# TASK GOAL
Below is some data. Retype exactly the lines starting at the one with "SKOTTI Mini Grill" and ending at the one with "Khẩu Trang 3Hmask 3Daily Quai Tròn Đen".

# INPUT DATA

# # # #

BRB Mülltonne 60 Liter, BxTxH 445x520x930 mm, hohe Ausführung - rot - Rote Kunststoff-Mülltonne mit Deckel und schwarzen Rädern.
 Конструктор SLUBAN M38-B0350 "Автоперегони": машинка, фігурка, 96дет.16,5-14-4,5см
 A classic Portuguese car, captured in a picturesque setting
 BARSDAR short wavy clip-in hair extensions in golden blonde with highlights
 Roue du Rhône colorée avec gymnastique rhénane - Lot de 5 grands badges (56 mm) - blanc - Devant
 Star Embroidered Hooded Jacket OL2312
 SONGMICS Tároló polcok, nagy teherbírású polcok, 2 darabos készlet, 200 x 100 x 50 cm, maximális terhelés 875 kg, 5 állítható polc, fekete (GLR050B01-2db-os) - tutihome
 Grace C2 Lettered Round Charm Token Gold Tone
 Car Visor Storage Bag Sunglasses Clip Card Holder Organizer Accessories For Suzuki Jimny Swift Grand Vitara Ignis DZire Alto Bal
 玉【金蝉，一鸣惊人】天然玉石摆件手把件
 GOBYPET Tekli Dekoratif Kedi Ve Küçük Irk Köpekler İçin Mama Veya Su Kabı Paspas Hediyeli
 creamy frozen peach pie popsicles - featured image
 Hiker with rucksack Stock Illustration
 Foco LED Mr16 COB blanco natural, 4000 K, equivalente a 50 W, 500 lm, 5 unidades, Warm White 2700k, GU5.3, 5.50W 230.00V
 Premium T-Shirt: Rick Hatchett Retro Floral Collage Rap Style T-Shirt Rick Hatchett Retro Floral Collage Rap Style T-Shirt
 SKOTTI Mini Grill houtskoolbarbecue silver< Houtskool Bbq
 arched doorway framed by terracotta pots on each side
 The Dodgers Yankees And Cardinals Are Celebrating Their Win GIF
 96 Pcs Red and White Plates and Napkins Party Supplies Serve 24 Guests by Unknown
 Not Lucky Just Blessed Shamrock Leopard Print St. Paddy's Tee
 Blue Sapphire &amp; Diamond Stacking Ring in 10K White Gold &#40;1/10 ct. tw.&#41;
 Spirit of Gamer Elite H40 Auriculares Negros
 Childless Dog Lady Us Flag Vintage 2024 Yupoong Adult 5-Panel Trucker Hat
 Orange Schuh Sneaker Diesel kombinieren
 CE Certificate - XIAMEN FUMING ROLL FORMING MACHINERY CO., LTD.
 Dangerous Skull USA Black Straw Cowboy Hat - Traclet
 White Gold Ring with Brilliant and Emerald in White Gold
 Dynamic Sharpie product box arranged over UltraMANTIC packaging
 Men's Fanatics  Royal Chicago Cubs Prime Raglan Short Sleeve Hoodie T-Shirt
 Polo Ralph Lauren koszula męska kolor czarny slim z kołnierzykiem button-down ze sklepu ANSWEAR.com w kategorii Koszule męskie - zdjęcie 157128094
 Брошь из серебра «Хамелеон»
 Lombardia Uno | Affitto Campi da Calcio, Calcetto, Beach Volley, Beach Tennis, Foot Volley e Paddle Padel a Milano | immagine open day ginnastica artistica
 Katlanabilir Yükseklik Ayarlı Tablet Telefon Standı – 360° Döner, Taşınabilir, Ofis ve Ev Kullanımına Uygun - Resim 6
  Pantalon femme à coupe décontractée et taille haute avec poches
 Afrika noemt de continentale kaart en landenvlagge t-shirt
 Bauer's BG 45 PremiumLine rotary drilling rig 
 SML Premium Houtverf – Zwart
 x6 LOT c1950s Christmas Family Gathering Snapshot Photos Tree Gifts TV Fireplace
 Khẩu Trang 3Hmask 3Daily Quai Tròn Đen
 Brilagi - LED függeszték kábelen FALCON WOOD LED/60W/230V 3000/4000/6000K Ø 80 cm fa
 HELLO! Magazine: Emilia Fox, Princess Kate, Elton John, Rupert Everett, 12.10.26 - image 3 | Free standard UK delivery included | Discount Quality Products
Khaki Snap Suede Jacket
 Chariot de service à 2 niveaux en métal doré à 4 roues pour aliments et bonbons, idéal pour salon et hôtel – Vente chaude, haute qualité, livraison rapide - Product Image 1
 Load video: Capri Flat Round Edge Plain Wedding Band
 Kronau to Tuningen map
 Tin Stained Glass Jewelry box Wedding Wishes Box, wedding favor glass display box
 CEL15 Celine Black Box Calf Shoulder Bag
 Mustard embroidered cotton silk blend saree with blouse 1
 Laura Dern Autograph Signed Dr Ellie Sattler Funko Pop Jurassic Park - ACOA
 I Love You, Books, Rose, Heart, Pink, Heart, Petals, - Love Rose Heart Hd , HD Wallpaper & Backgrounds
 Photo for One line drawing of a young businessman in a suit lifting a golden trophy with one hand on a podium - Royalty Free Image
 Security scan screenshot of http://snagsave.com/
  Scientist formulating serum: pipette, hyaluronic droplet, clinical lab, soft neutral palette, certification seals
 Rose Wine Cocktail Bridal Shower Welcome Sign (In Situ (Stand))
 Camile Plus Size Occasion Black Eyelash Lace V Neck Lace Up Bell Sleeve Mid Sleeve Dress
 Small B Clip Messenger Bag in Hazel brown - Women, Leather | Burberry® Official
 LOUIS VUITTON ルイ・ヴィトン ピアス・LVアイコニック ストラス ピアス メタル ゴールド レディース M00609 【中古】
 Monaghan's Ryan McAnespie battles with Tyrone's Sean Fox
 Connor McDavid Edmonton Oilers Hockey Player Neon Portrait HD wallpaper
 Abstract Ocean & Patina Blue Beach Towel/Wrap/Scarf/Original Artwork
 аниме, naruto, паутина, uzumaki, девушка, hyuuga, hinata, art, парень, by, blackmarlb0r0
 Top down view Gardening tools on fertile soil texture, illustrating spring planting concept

# # # #

# SOLUTION TO THIS EXERCISE
 SKOTTI Mini Grill houtskoolbarbecue silver< Houtskool Bbq
 arched doorway framed by terracotta pots on each side
 The Dodgers Yankees And Cardinals Are Celebrating Their Win GIF
 96 Pcs Red and White Plates and Napkins Party Supplies Serve 24 Guests by Unknown
 Not Lucky Just Blessed Shamrock Leopard Print St. Paddy's Tee
 Blue Sapphire &amp; Diamond Stacking Ring in 10K White Gold &#40;1/10 ct. tw.&#41;
 Spirit of Gamer Elite H40 Auriculares Negros
 Childless Dog Lady Us Flag Vintage 2024 Yupoong Adult 5-Panel Trucker Hat
 Orange Schuh Sneaker Diesel kombinieren
 CE Certificate - XIAMEN FUMING ROLL FORMING MACHINERY CO., LTD.
 Dangerous Skull USA Black Straw Cowboy Hat - Traclet
 White Gold Ring with Brilliant and Emerald in White Gold
 Dynamic Sharpie product box arranged over UltraMANTIC packaging
 Men's Fanatics  Royal Chicago Cubs Prime Raglan Short Sleeve Hoodie T-Shirt
 Polo Ralph Lauren koszula męska kolor czarny slim z kołnierzykiem button-down ze sklepu ANSWEAR.com w kategorii Koszule męskie - zdjęcie 157128094
 Брошь из серебра «Хамелеон»
 Lombardia Uno | Affitto Campi da Calcio, Calcetto, Beach Volley, Beach Tennis, Foot Volley e Paddle Padel a Milano | immagine open day ginnastica artistica
 Katlanabilir Yükseklik Ayarlı Tablet Telefon Standı – 360° Döner, Taşınabilir, Ofis ve Ev Kullanımına Uygun - Resim 6
  Pantalon femme à coupe décontractée et taille haute avec poches
 Afrika noemt de continentale kaart en landenvlagge t-shirt
 Bauer's BG 45 PremiumLine rotary drilling rig 
 SML Premium Houtverf – Zwart
 x6 LOT c1950s Christmas Family Gathering Snapshot Photos Tree Gifts TV Fireplace
 Khẩu Trang 3Hmask 3Daily Quai Tròn Đen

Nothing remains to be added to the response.